The swift responses to these crises suggest that damaging situations will not be allowed to fester. Cardinal Lluís Martínez Sistach, Archbishop of Barcelona, in a tough interview with Catalunya Radio, put it bluntly: “The Pope wants zero tolerance in the cases in Granada. It is a very serious crime.”
Turning a Situation Around
Church attendance in Spain rose by a little more than 2% in the first year since Pope Francis was elected. That’s not a large increase, but it contrasts with the downward slide in recent years. Will the new leadership in Madrid and in the Conference of Bishops create a positive climate in which the Spanish Church will be able to build on this trend?
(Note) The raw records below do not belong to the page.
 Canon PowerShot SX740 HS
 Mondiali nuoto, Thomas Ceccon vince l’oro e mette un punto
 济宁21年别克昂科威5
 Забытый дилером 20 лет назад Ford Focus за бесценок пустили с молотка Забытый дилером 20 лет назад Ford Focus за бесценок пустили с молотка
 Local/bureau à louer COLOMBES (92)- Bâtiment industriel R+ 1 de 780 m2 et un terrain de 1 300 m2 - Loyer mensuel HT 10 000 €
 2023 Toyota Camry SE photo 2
Several elements which seem to be at play could contribute to positive change. First is the strategic decision to step back from intractable, win-lose confrontations in the political realm. Everyone who has ever tried to untie a knot realizes that the harder you pull at one end of the thread, the more the knot tightens. By replacing Ruoco with Osoro, Pope Francis has introduced some slack in the thread; new, freer action becomes possible. Similarly, Catalan sovereignty is a fraught political question. Taking a strong stand in Rome on such an issue tightens the knot. Instead, Pope Francis has gotten out of the way so that those who are closest to the people can untie that knot for themselves. Indeed, Pope Francis seems to be positioning bishops to get closer to their people. Osoro, a Castilian, goes to Castile. Cañizares, a Valencian, goes to Valencia.
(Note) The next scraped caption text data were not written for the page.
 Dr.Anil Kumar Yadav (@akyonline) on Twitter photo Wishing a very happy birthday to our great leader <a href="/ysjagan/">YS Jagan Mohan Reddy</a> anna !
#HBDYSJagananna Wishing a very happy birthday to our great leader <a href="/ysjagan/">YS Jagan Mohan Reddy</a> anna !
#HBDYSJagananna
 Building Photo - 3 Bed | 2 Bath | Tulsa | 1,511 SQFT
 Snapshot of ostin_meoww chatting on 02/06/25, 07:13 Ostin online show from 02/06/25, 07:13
Finally, the situation in Grenada is possibly going to be a defining moment in Francis’s own evolving consciousness of the ecclesial dysfunction surrounding the sex abuse crisis. This time no spin doctors have stepped in to blame the media or the lawyers or the victim. Instead, Francis has directly confronted the facts: the victim’s pain, and the bishop’s inadequate response. According to the El Diario report, the Communion and Liberation movement, with whom Martínez Fernández is allied, tried to save face for the bishop by engineering his public drama of remorse, but it was already too late. Thus, paradoxically, Francis may have one of his own knots untied in Spain – the knot of uncertainty concerning the role of bishops in the continuing crisis of sex abuse. If this knot is untied, it will be good not only for Spain and for Europe, but for us all.